»»
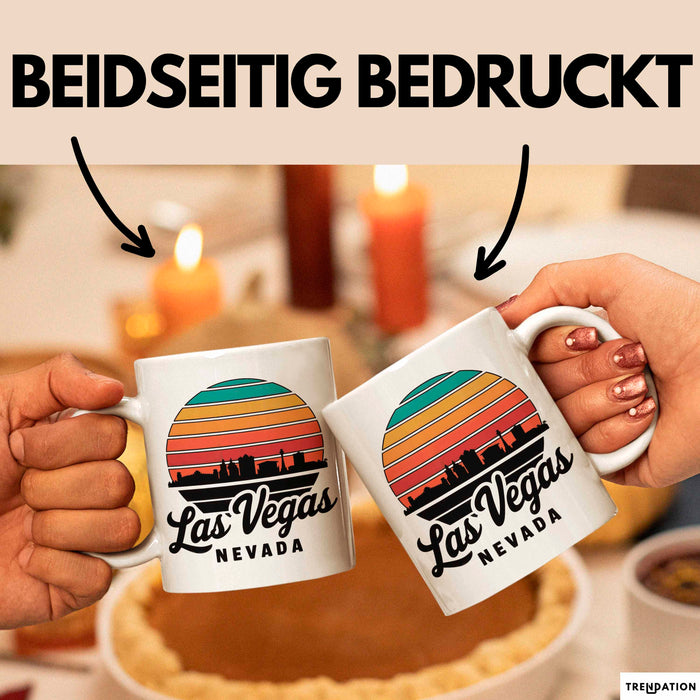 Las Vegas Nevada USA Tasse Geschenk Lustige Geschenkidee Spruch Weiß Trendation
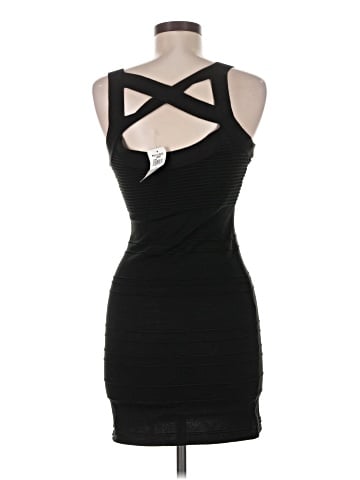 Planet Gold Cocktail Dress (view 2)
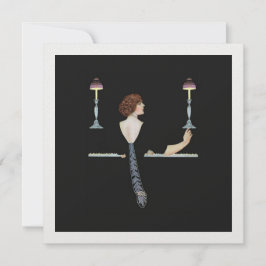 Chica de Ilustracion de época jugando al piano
««
**WHAT YOU SHOULD DO:** Print every line above once more, exactly. Omit the pictures.

**TASK ANSWER:**
 Las Vegas Nevada USA Tasse Geschenk Lustige Geschenkidee Spruch Weiß Trendation
 Planet Gold Cocktail Dress (view 2)
 Chica de Ilustracion de época jugando al piano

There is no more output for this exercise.